I don’t have all the answers for how we do that, but I know that little old me sitting beyond my keyboard isn’t going to get it done. It comes from all of us working together. This was made clear to me by a dear friend who challenged me that my original post put out a plea, but not a challenge. She was right. This post was one of the most emotionally exhausting things I’ve written and I think I just stopped. But I don’t want it to stop there.
I want people:
- to talk about porn and ask about it.
- to bring their struggles and victories against porn into the light.
- to speak honestly and fearless about how porn has hurt them.
- to be able to say to their friends, “I’m struggling with this, can you help”.
- to use the resources above to educate themselves.
- to do their own research and come to their own conclusions.
- to include pornography in the conversation when we talk about a ‘rape culture’ especially on college campuses.
- to ask, “Are Porn and sex trafficking linked?”
- to hear Russell Brand quoting Pope John Paul II about porn showing too little and realize that this transcends some kind of religious/secular boundary.
- to get past the ‘boys will be boys’ mindset, and that includes being real about porn.
- to know that they don’t have to ‘just get over it’ if their boyfriend, girlfriend, husband, or wife uses pornography.
I wrote about Porn and the Election, not because I have any data to give you a definite answer.
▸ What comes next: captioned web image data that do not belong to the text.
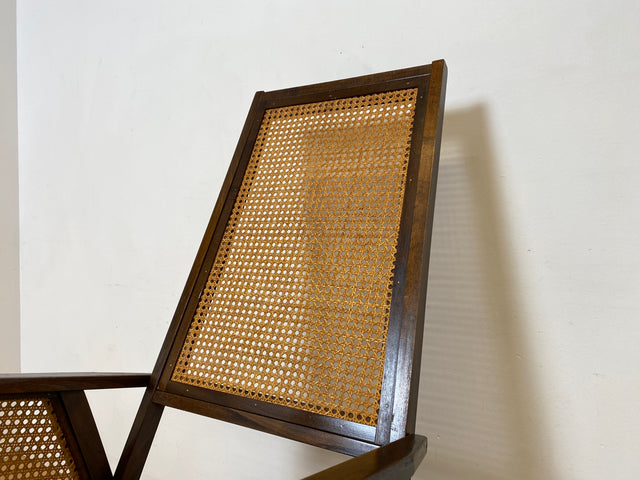 WMK I Stilvoller und sehr gut erhaltener Mid-Century Schaukelstuhl mit Wiener Geflecht mit grünem Polster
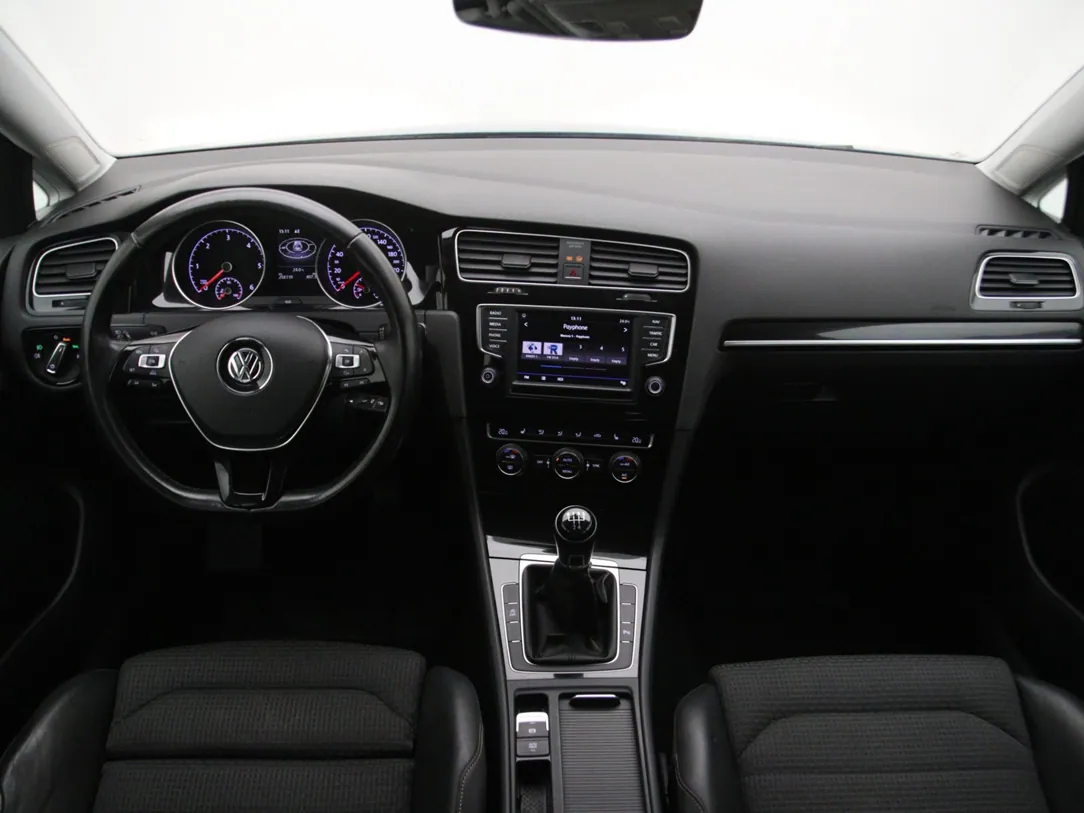 VOLKSWAGEN GOLF 7 Connected Series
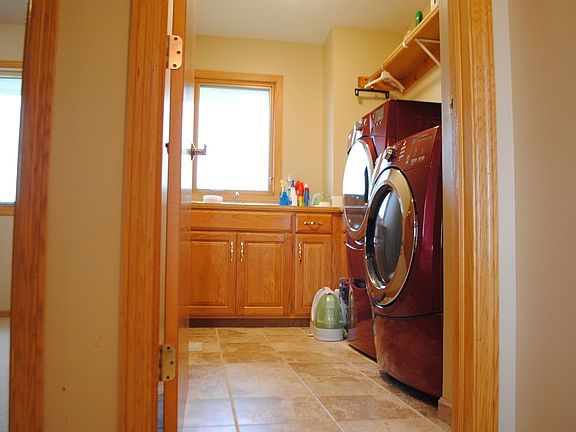 4th image of 25832 Grace Cir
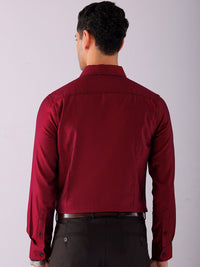 The Indian Garage Co. X Luxe Men Solid Slim Fit Opaque Formal Shirt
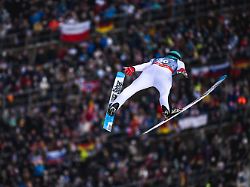 oberstdorf deutschland fis skiflug weltmeisterschaft 2026 wertungsdurchgang hs 235 am 24 01 2026 auf der heini klopfer skiflugschanze in oberstdorf domen prevc aus slowenien in aktion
I wrote about it because we need to talk about porn.
We need to talk about the fact: that sexism is ingested in staggering numbers through internet porn (4,392,486,580 hours were watched from one site alone, in just 2015). That even as people use the potentially sexist “she’s somebody’s, sister, mother, etc” to try and encourage respect for women, our country’s top porn search in 2015 was ‘Step-mom’ (with ‘Step-sister’ coming in seventh place). That any kid with internet has access to free porn sites that contain categories “such as ‘extreme brutal gang bang,’ ’18 and abused,’ and ‘crying teen.’”
I don’t know what you need to do. Maybe you are hooked and struggling. Maybe you have a story of hurt or betrayal to share. Or maybe you have a story of triumph with which to encourage others.
But I know what we need to do. We need to talk about this. We need to be real about this. Comment, like, share, refute, whatever.
Share your story.
Get involved with Fight the New Drug or get on the Porn Effect’s Forum.
At the very least, please, just start asking questions about whether or not porn is good for our brains, our relationships, our marriages, our families, and even our elections.